Nearly every category-theory proof works out to:
1. Remember what all the terms mean.
2. Draw a widget.
3. Chase the arrows.
4. Magic happens! This often leaves one with a vaguely unsatisfying feeling.
Here's the exercise from section 3.13 in the book. Given a pullback:
Show that if f is monic, g must be monic as well.
Step 1: A is a pullback, which means that the diagram commutes (any path from X to Y is equal to any other path). Further, if there is another object Q with arrows to B to C that makes the diagram commute (a "cone"), then there is a unique arrow !p: Q->A that makes the resulting diagram commute.
(In Set a pullback A can be interpreted as ordered tuples from BxC for which k and j agree, along with the projections from BxC to B and to C.)
"monic" is the category theory version of "1-1" for functions. It means f is "left-cancellable" so that if x.f = y.f then x = y. (I'll use a period for arrow composition because I'm too lazy to insert HTML dot operators.)
Step 2: We want to show that the monic property holds for g as well. So suppose g.s1 = g.s2 for some arbitrary s1,s2:S->A. (S could be one of the existing objects, or a new one--- it doesn't matter.)
Then k.g.s1 = k.g.s2.
Because the diagram commutes, k.g.s1 = f.j.s2.
Also f.j.s1 = f.j.s2, which because f is monic means j.s1 = j.s2.
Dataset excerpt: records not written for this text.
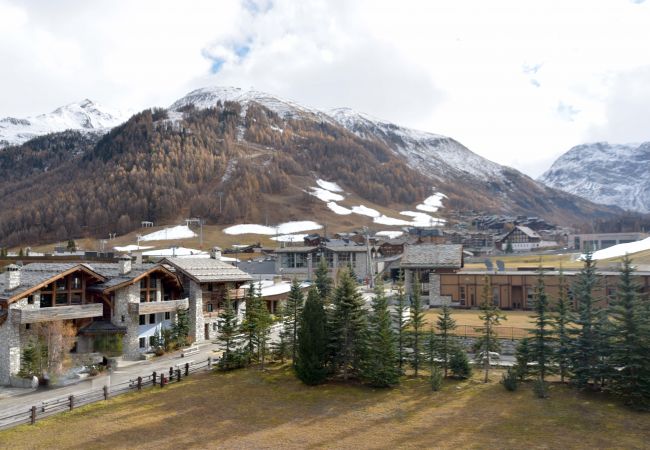 Apartamento en Val-d´Isère - L'ALBARON 3CH,WIFI,PARKING, 100 m PISTES Apartamento en Val-d´Isère - L'ALBARON 3CH,WIFI,PARKING, 100 m PISTES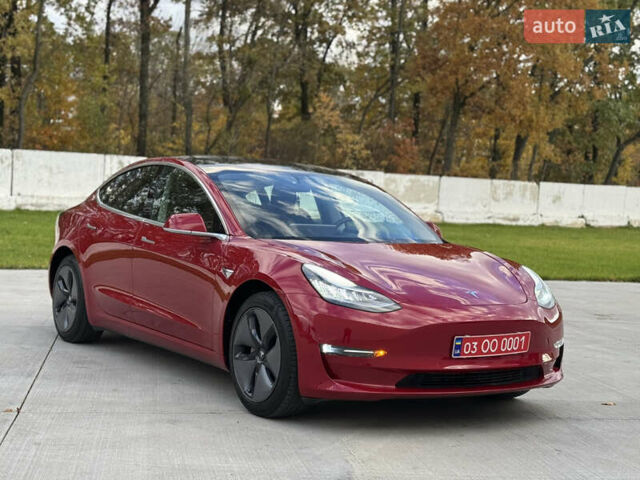 Тесла Модель 3 2019 у Луцьку на Automoto.ua Червоний Тесла Модель 3, об'ємом двигуна 0 л та пробігом 114 тис. км за 16900 $, фото 1 на Automoto.ua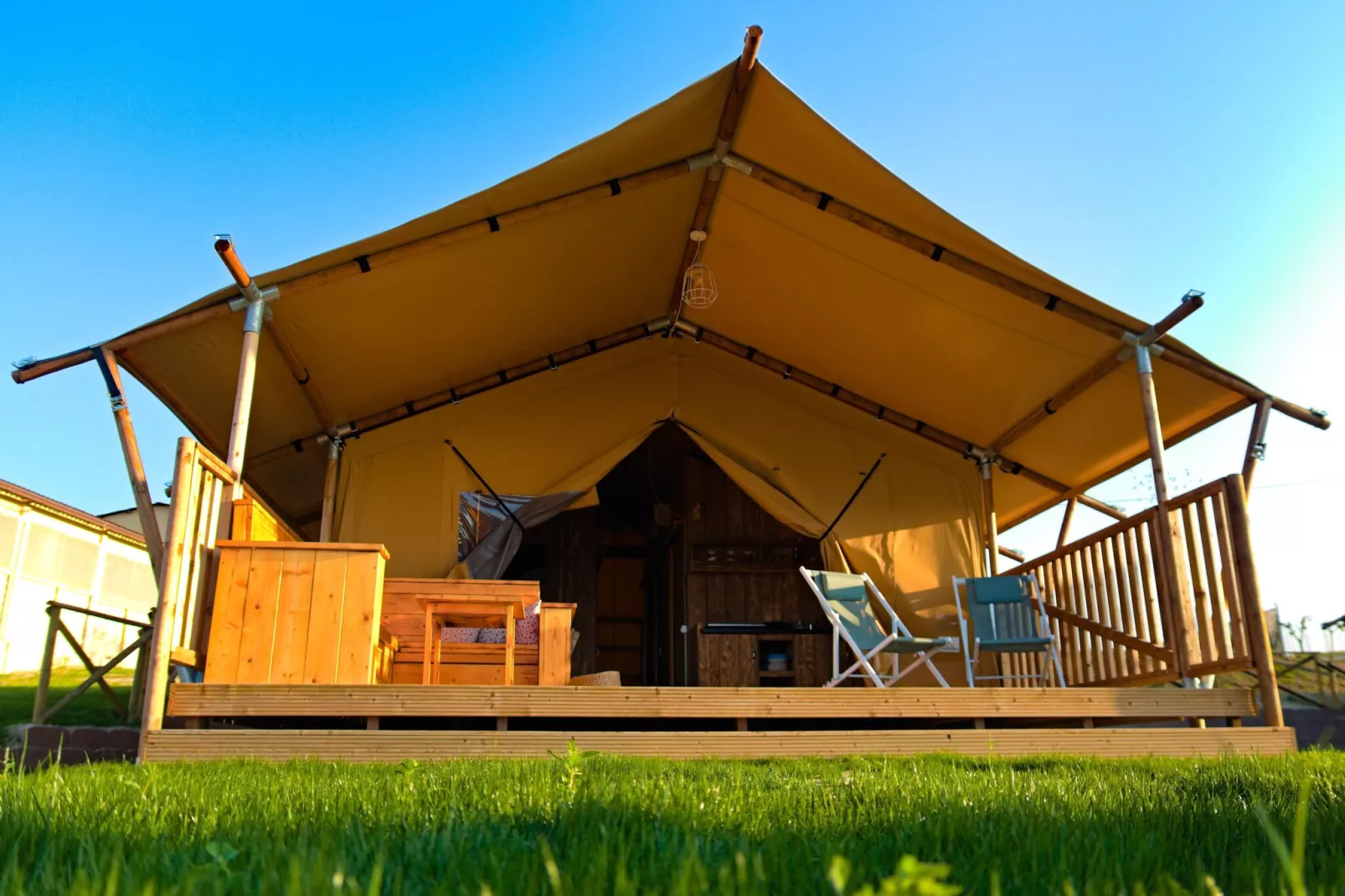 Tenda 2-Exterior summer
Now we can draw our widget, which is a "cone" from S to B and C:
Step 3: Does the new diagram commute? Yes, as we showed above k.g.s1 = f.j.s2, so both 'arms' of the cone from S fit. That means we can apply the pullback property, and introduce the unique arrow p.
What is p? Well, suppose we put s1 there. Then g.s1 (via the dotted line) = g.s1 trivially. And j.s1 = j.s2 we showed above. So s1 makes the diagram commute.
Now what is we put s2 there instead? Then j.s2 (dotted line) = j.s2 (solid line) trivially again. And g.s1 = g.s2 is what we assumed. So s2 makes the diagram commute as well.
Step 4: We showed s1 satisfies the properties of p, and also s2. But p is unique, so s1 = s2.